- _RECORDED INFORMATION_

━━━━━━━━━━━━━━━━━━━━━━━━━━━━━━

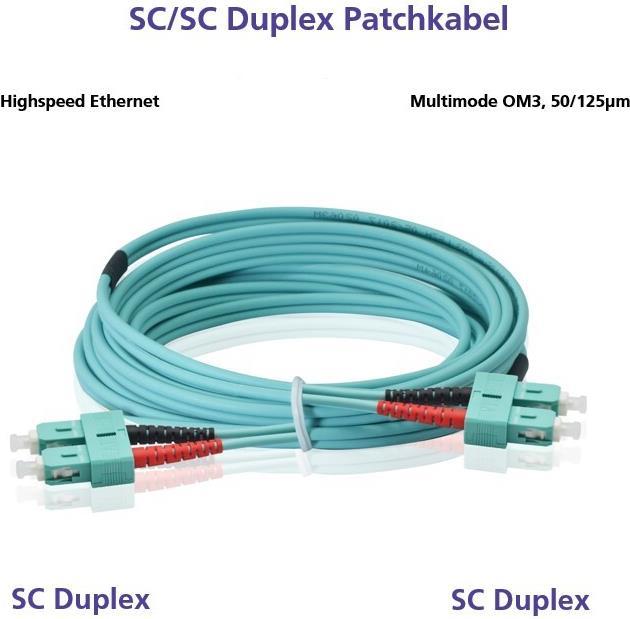 Immagine prodotto Helos Cavo patch in fibra ottica SC/SC Duplex 50/125µm OM3 aqua 0,5 m (U/FTP, CAT6, 0.50 m)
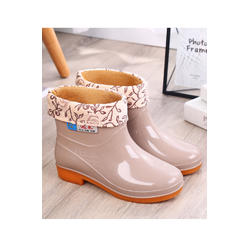 Unomatch Women Flower Pattern Low Tube Non Slip Solid Colored PVC Material Flat Rubber Soled Rain Boots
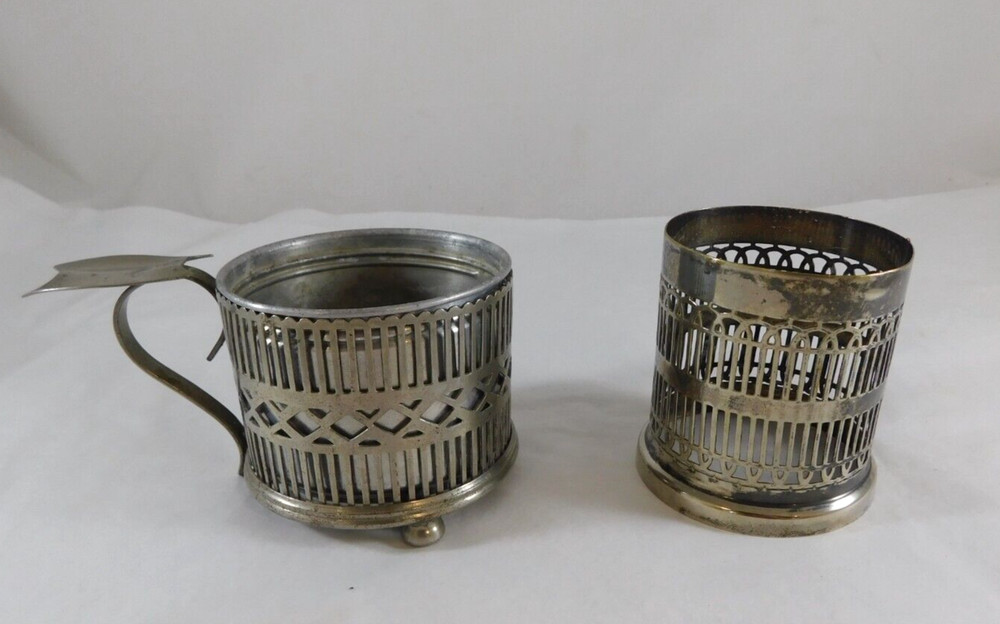 Silver Plated Coaster Cup Holder & Glass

━━━━━━━━━━━━━━━━━━━━━━━━━━━━━━

- _TRY IT_
Except for the pictures, give all the material above again verbatim.

- _SOLUTION FOR THIS PROBLEM_
 Immagine prodotto Helos Cavo patch in fibra ottica SC/SC Duplex 50/125µm OM3 aqua 0,5 m (U/FTP, CAT6, 0.50 m)
 Unomatch Women Flower Pattern Low Tube Non Slip Solid Colored PVC Material Flat Rubber Soled Rain Boots
 Silver Plated Coaster Cup Holder & Glass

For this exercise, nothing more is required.